Electron microscopes are routinely used in medical diagnostics, but it has been nearly four years since two Venezuelan institutions ordered spare parts for theirs. Out of 14 electron microscopes in Venezuela made by a unit of the U.S. company Thermo Fisher Scientific, only three still work, and the company has been unable to get U.S. permission to export the necessary parts.

“Besides the legal obligation to comply with human rights law, the United States also has a moral obligation to the Venezuelan people to not deprive them of their basic human rights,” said Alena Douhan, Special Rapporteur on the negative impact of unilateral coercive measures on the enjoyment of human rights, calling on US authorities to either lift sanctions, which are legally dubious under international law, or to grant the corresponding export licenses rapidly.

“Electron microscopes are the only way to detect many diseases, so they are essential for appropriate treatment,” Douhan said. “The U.S. Government has an obligation under international human rights law not to harm the ability of Venezuelan doctors to diagnose illnesses correctly. Without accurate diagnoses and treatment, people can die.”

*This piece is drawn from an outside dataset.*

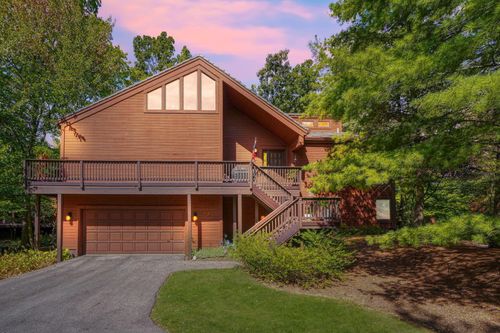 423 Hickory Ln, Westerville, OH, 43081-3082 | Card Image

Electron microscopes are also used in research that advances medical knowledge, and research done in Venezuela on viruses like SARS-CoV-2, which causes COVID-19, has been vital for the entire world.

“International law protects the right of people everywhere to benefit from scientific progress, but this can’t happen when scientists are unable to continue their research,” the expert said, noting the microscopes are covered by the Florence Agreement, an international treaty that commits participating countries, including the US, to facilitate trade in scientific goods.

Electron microscopes are also used in crime laboratories to examine evidence, and thus play a role in ensuring justice through due process rights that are guaranteed by the International Convention on Civil and Political Rights. “The United States has targeted some Venezuelan judges with sanctions to show its displeasure at how the Venezuelan justice system operates, but it shouldn’t use its other sanctions against Venezuela to undermine the system’s structural ability to provide justice,” Douhan said.

The right to enjoy the highest attainable standard of physical and mental health, as well as the right to pursue scientific research and to benefit from its results, are enshrined in the International Covenant on Economic, Social and Cultural Rights and are part of customary international law. These rights, together with the right to life, are also embodied in the Universal Declaration of Human Rights.


Ms Alena Douhan (Belarus) was appointed as Special Rapporteur on the negative impact of the unilateral coercive measures on the enjoyment of human rights by the Human Rights Council in March 2020. Ms. Douhan has extensive experience in the fields of international law and human rights as, a Professor of international law at the Belarusian State University (Minsk), a visiting Professor at the Institute for International Law of Peace and Armed conflict, (Bochum, Germany) and the Director of the Peace Research Centre (Minsk). She received her PhD at the Belarusian State University in 2005 and obtained Dr. hab. in International Law and European Law in 2015 (Belarus). Ms. Douhan’s academic and research interests are in the fields of international law, sanctions and human rights law, international security law, law of international organizations, international dispute settlement, and international environmental law.

The Special Rapporteurs, Independent Experts and Working Groups are part of what is known as the Special Procedures of the Human Rights Council. , the largest body of independent experts in the UN Human Rights system, is the general name of the Council’s independent fact-finding and monitoring mechanisms that address either specific country situations or thematic issues in all parts of the world. Special Procedures’ experts work on a voluntary basis; they are not UN staff and do not receive a salary for their work. They are independent from any government or organization and serve in their individual capacity.